Amps, cabs and watts

Discussion in 'Amps and Cabs [BG]' started by dllive, Mar 17, 2014.

  1. dllive


    Dec 30, 2011
    I have a 200 watt amp and a 300 watt cab. Does this mean I will only ever get 200 watts of sound out of my cab?
  2. lokikallas

    lokikallas Supporting Member

    Aug 15, 2010
    los angeles
    Pretty much, but that puts you in a fairly safe range to crank the amp without fear of blowing speakers.
  3. dllive


    Dec 30, 2011
    Thanks. I hadnt thought of blowing the speaker. So its always best that the cab is higher wattage than th ehead.
  4. CL400Peavey

    CL400Peavey Supporting Member

    Nov 7, 2011
    Grand Rapids Michigan

    To the OP: use your ears and what is between them. If the cab sounds like it is going to blow then it will. Many cabs reach their mechanical limits well before their thermal ratings.
  5. dwjazz54


    Jan 21, 2003
    Jersey City, NJ
    ^^^^This x1000^^^^

    Wattage ratings are, in essence, just numbers. Amps may put out spikes higher than their advertised ratings. Cabs can give out if EQ's and brains are not properly utilized.

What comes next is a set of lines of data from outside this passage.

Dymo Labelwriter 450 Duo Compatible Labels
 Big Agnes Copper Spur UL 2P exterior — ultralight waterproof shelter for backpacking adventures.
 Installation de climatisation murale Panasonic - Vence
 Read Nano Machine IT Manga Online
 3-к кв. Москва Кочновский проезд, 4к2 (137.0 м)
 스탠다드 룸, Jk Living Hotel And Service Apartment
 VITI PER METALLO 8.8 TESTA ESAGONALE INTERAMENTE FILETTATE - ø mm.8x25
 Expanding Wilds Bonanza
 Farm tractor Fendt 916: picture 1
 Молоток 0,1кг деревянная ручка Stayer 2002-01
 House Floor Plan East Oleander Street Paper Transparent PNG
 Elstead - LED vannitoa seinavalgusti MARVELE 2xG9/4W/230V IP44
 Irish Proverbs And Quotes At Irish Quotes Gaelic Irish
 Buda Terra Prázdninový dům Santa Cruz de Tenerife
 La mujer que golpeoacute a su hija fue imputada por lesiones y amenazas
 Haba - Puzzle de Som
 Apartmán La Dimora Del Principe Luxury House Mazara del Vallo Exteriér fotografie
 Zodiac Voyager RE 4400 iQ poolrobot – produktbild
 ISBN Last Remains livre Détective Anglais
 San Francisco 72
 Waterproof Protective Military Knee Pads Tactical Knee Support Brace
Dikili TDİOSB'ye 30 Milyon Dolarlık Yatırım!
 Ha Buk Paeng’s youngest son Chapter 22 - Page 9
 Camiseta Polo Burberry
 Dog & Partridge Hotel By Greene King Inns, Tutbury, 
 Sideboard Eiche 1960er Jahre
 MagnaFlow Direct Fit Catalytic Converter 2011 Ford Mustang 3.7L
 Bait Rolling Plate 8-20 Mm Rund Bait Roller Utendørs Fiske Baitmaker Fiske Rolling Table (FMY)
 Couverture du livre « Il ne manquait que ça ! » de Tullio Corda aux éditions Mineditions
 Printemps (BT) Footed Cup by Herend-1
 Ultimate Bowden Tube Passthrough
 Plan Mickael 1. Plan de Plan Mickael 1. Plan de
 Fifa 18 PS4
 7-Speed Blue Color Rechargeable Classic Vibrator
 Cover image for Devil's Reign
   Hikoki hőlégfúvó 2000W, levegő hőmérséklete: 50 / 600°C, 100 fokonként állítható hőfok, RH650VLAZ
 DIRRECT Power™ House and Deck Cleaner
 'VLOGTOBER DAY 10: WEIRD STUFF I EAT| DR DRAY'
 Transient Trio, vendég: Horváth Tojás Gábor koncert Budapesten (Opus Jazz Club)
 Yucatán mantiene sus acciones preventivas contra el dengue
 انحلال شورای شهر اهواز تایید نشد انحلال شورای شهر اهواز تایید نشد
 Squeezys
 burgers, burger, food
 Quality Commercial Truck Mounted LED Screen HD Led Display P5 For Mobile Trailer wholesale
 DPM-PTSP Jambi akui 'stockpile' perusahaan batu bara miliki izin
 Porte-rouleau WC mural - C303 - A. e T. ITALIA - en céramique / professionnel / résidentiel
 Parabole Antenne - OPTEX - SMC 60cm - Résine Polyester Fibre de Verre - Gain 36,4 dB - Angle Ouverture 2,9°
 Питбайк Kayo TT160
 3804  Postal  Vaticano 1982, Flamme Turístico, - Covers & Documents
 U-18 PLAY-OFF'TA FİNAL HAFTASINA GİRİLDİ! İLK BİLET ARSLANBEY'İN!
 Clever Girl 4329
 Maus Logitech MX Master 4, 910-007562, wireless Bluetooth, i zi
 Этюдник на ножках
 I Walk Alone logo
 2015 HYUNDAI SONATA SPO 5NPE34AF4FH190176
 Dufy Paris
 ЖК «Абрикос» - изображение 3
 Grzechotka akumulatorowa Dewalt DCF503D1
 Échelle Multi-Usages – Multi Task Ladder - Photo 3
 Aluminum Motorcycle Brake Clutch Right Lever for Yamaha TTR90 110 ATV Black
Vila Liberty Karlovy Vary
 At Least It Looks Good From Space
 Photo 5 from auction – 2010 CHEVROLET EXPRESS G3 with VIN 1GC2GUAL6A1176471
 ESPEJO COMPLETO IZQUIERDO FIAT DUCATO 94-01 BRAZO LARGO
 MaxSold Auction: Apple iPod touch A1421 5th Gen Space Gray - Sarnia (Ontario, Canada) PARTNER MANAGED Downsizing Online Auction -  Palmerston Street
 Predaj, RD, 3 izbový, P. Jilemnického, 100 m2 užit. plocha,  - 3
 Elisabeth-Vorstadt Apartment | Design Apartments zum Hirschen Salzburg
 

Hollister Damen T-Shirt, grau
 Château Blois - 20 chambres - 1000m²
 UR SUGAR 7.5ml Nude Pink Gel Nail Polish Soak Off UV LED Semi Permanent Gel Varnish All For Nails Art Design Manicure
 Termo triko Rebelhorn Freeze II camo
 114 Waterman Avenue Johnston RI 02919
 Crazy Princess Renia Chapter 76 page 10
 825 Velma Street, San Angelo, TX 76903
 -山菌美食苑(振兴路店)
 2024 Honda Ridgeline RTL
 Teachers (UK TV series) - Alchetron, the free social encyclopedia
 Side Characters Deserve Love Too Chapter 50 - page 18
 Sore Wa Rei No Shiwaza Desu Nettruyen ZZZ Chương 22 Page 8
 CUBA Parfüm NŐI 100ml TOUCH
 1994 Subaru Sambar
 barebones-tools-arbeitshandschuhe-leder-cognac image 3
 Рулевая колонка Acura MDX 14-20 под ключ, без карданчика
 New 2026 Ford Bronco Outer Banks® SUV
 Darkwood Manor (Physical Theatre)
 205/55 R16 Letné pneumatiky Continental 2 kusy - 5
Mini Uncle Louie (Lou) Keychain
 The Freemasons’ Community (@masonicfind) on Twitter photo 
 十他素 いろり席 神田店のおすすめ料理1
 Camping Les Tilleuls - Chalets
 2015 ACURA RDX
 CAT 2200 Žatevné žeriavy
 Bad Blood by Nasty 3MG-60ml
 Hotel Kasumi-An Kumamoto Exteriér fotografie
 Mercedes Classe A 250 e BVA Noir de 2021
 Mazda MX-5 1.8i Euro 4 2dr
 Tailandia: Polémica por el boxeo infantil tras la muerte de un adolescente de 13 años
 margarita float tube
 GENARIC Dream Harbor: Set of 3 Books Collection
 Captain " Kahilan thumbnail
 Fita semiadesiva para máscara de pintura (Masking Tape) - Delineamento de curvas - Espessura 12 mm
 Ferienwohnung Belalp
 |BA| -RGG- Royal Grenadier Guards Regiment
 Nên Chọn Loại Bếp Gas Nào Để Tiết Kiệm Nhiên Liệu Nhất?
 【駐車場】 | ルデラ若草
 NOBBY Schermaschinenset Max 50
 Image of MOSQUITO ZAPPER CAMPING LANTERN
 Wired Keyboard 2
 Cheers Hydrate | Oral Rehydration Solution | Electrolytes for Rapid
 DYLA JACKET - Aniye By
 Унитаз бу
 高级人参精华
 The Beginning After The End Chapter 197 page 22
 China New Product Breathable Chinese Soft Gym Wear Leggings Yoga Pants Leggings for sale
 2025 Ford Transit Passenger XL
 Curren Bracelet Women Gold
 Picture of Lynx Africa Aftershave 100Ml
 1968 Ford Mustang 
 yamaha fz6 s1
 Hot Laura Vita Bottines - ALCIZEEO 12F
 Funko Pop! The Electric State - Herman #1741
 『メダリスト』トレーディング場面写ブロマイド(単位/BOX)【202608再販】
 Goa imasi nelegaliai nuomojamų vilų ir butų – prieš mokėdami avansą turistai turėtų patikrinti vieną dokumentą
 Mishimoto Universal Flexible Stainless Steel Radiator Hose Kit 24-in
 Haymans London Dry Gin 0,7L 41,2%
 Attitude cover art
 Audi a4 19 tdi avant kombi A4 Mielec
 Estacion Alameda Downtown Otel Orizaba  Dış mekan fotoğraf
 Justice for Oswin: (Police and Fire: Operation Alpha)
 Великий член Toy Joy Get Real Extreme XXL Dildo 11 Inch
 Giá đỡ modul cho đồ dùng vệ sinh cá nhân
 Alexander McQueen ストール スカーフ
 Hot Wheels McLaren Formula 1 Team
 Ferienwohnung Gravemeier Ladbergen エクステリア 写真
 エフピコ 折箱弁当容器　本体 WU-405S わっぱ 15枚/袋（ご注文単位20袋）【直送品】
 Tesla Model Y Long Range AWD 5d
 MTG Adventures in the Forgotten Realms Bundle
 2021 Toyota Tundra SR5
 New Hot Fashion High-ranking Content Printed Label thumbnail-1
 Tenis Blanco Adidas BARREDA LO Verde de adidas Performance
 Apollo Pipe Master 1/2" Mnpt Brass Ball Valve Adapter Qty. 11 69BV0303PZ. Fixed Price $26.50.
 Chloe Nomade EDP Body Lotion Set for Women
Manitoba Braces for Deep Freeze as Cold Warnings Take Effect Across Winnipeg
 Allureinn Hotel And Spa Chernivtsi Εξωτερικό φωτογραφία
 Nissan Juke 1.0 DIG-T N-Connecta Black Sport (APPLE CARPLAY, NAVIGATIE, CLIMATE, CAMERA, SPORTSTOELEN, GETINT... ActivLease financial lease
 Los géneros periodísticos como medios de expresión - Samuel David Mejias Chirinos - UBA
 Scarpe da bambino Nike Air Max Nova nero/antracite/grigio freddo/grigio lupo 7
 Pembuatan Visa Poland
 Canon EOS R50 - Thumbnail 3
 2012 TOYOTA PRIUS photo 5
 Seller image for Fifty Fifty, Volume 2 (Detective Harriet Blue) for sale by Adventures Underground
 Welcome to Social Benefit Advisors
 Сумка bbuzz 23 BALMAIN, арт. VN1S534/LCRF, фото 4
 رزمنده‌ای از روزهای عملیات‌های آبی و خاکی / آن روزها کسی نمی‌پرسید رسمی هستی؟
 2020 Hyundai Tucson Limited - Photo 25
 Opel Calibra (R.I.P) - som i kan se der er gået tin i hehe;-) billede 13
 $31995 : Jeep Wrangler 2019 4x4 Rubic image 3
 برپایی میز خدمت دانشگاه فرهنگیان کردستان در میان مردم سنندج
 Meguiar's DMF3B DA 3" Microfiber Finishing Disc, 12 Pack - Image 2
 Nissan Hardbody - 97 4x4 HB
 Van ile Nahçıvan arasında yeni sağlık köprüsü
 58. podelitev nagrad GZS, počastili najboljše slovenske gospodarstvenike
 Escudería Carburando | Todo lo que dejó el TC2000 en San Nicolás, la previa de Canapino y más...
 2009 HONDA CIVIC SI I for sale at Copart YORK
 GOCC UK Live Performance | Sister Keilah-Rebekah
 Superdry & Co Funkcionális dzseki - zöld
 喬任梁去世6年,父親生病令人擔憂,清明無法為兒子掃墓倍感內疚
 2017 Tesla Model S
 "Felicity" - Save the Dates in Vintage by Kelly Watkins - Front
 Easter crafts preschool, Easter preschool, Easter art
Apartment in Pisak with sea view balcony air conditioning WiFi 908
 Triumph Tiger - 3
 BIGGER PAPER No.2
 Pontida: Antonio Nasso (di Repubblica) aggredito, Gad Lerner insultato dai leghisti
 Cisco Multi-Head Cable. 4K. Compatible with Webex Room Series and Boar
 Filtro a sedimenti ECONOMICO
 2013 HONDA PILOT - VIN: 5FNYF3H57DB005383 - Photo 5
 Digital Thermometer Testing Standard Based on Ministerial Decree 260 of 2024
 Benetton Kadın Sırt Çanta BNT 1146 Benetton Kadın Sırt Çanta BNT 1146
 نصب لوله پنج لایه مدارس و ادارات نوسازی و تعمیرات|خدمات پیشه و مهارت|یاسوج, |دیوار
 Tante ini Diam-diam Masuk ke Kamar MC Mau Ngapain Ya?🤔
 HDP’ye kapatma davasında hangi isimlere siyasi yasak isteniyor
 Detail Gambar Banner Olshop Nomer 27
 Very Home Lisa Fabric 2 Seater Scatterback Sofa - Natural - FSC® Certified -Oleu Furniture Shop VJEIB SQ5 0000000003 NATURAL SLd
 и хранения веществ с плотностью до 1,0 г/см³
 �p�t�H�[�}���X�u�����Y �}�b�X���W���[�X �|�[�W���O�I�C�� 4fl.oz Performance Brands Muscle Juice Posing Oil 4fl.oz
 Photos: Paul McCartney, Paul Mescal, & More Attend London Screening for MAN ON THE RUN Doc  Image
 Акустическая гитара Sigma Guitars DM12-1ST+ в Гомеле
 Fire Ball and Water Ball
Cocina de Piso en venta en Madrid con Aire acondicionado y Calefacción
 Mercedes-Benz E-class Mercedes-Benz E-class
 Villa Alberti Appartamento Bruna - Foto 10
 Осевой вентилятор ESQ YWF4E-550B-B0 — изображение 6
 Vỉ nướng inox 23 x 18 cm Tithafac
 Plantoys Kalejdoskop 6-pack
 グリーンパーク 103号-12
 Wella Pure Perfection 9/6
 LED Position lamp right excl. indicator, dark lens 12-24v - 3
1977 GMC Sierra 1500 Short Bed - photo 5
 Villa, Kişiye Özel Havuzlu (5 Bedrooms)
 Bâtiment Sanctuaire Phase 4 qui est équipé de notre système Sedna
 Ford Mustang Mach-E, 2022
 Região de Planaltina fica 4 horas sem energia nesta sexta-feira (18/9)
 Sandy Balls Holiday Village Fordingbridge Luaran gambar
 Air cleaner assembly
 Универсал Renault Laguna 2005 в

    And this has been SOOO covered.
  6. Jaco who?

    Jaco who?

    May 20, 2008
    The amount of power the amp puts out is determined by the impedance of the cab, not at what it's rated for. If it is an 8Ω cab and your amp puts out 200 watts @ 4Ωs, you'll probably get around 130 watts.

    If it is a 4Ω cab and your amp puts out 200 watts @4Ωs, you will get 200 watts to the cab.

    There are stickies above about this, although they can get annoying as heck to read if they're shown in a typical bickering thread type of format. ;)
  7. Munjibunga

    Munjibunga Total Hyper-Elite Member Gold Supporting Member

    May 6, 2000
    San Diego (when not at Groom Lake)
    Independent Contractor to Bass San Diego
    You might not even get that without blowing a speaker. See post #4.